Rating: 4
Year: 1935
Genre: Crime
Read again? Maybe
"Killer" is the first of 12 shorts in Chandler's "Trouble is my Business" collection.
The story opens with Philip Marlowe (never named in the story--I'm naming him) in his apartment, interviewing a big man who has a problem. Tony Dravec wants Marlowe to warn off one H. H. Steiner, who's showing too much interest in Dravec's girl, Carmen. Marlowe takes the case and goes to Steiner's book shop, knowing the man's running a porn-for-rent gig in back.
He follows Steiner home and settles down in his car to watch for a while...and a girl shows up. Marlowe sneaks over to her car to scope out the license. Carmen Dravec. He sneaks back to his car.
There's a bright flash and a scream! He runs to the house just in time to hear three gunshots and running footsteps out the back of Steiner's house. He breaks the lock on the front door and runs in. Carmen's sitting in a chair, naked and stoned. Steiner's lying on the floor with a fatal dose of lead poisoning.
It was at this point that I realized that "Killer" is a shorty version of Chandler's "The Big Sleep," right down to the stoned girl named "Carmen." Dravec's cheauffer turns up dead, someone tries to blackmail Dravec with naked pictures of Carmen. It reads like an alternate-universe version, given that I've read "Sleep" a couple of times and seen both the Bogart version and the pitiful 1978 Robert Mitchum remake. There's a gangster heavy with a business interest in Steiner's porn library, but he's not as friendly or smart as the gangster in "Big Sleep."

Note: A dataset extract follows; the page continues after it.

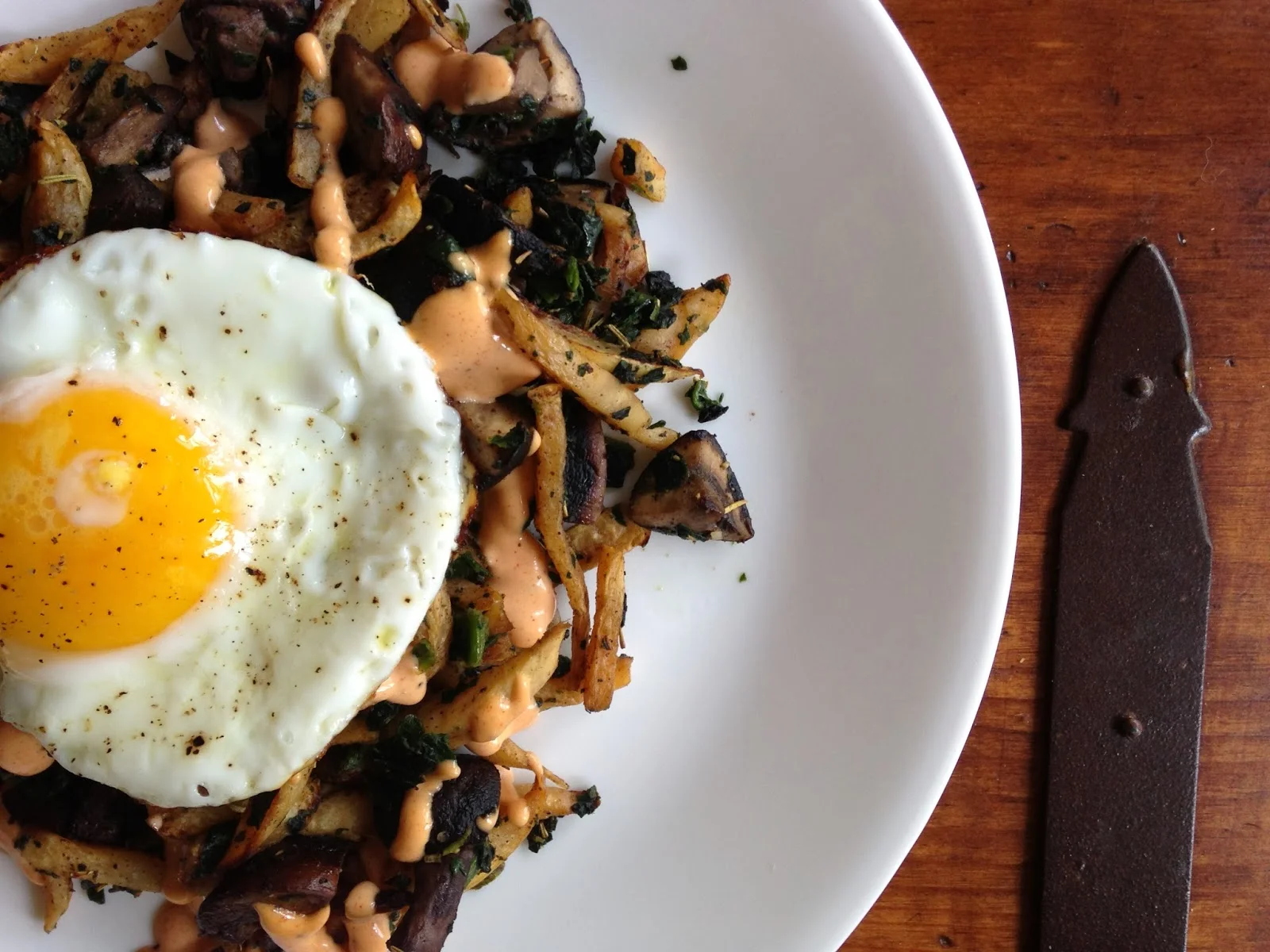 parsnip-hash.jpg
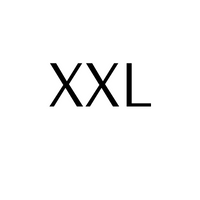 XXL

Not as snappy as "Big Sleep"--you can see Chandler's style, yes, but where are the amusing descriptions of people and situations? Call it a sort of proto-Marlowe story.
After I did this writeup, I did a little Google hunt and found my answers at Wikipedia. This short and "The Curtain" (the 3rd story in the collection) were used as the foundation for Chandler's novel "The Big Sleep."